It would appear from this story that there has been no public protest and/or campaign, no legal/legislative activism, no research/documentation, no effort to improve official responses, no support services for victims, etc., etc., and that no one other than individual heroines like Nisha Sharma — who have caught the media's attention —is doing anything at all to try and deal with the problem in different ways and at different levels. The one activist who has been interviewed is presented without any details about her work in the field and is quoted solely on her personal decision (not to attend weddings). Further, the story implies that individual rebellions (like Nisha Sharma's) strengthen social/political activism (like Ranjana Kumari's) rather than the other way around.

It is surprising that the story, presumably done out of Delhi, which is home to several organisations working on issues of violence against women, including dowry-related violence, makes no reference to even someone like Sathyarani Chaddha, once an "ordinary housewife" whose daughter was one of the earliest known "dowry death" victims and who went on to network with similarly bereaved parents and to ultimately set up an organisation (Shakti Shalini) providing shelter to women in distress, especially those harassed for dowry, in the capital city.

This is, of course, not the first time 60 Minutes has featured an ill-informed report on Indian women – there was one a few years ago replete with the most amazing stereotypes, etc.

The objection to this story is not about denying or glossing over the fact that dowry and dowry-related violence are among the many enormous, serious problems facing Indian women. It certainly is not about questioning international media coverage of such issues. It is a question of standards in professional practice, the need for informed reporting, etc.

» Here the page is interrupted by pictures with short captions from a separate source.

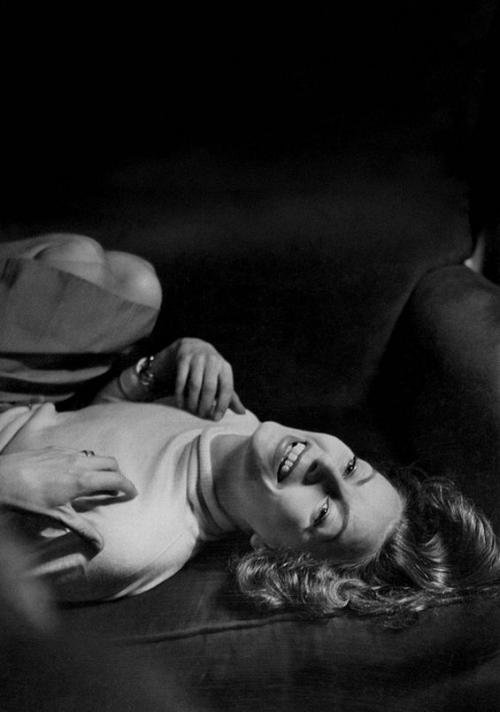 Редкие фотографии юных знаменитостей. Часть 12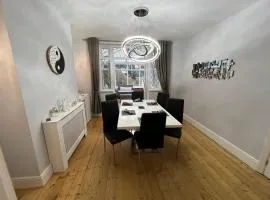 Comfortable, homely 4 bedroom property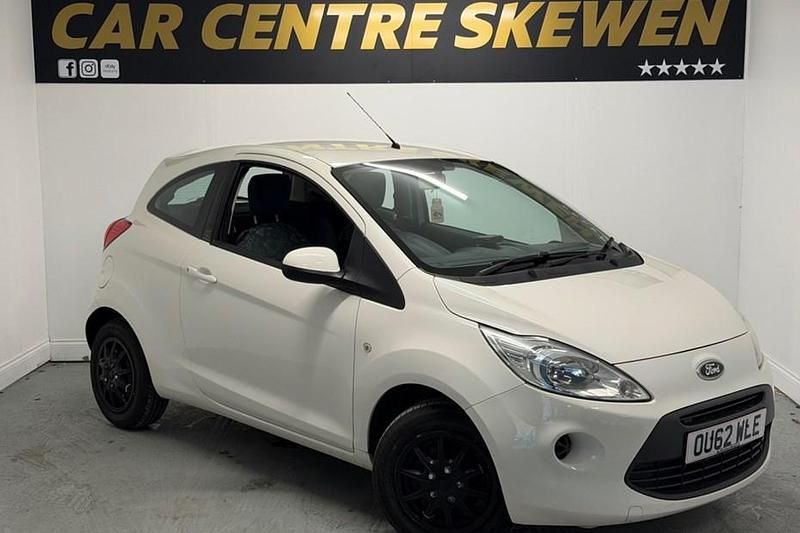 Used Ford Ka 69 HP (50 kW) 2012 White Hatchback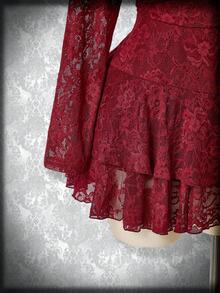 SHEIN ICON 加大码蕾丝方领细肩带分层蕾丝蛋糕裙，蕾丝荷叶边上衣两件套，适合约会、万圣节服装 - 酒紅色 - 查看 4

Ammu Joseph, Bangalore, India

Amanpour's recent segment on dowry deaths in India for CBS illustrates the worst in western journalism. Though the piece focuses on a serious issue of violence against women in Indian society, it is presented without any historical context and without the voices of feminist leaders and elected officials who have been addressing the issue for more than two decades. Amanpour's reporting is simplistic, sloppy and lazy – she has done little to gather facts or a range of perspectives, to name sources of some of her facts (e.g., the anonymous "human rights groups" who allegedly put dowry-related deaths as high as 25,000).

The piece is sexist – it fails to bring to light the problem of patriarchal marriage systems that victimize young women and that reward women (e.g., mothers-in-law) for participating. Similarly, she links dowry deaths to female infanticide and abortions without examining the larger problems of women's status or gender roles. She heroizes two women – the college student Nisha and women's rights leader Ranjana Kumari – but she fails to acknowledge the depth and breadth of women's groups struggling to change laws and social practices around dowry.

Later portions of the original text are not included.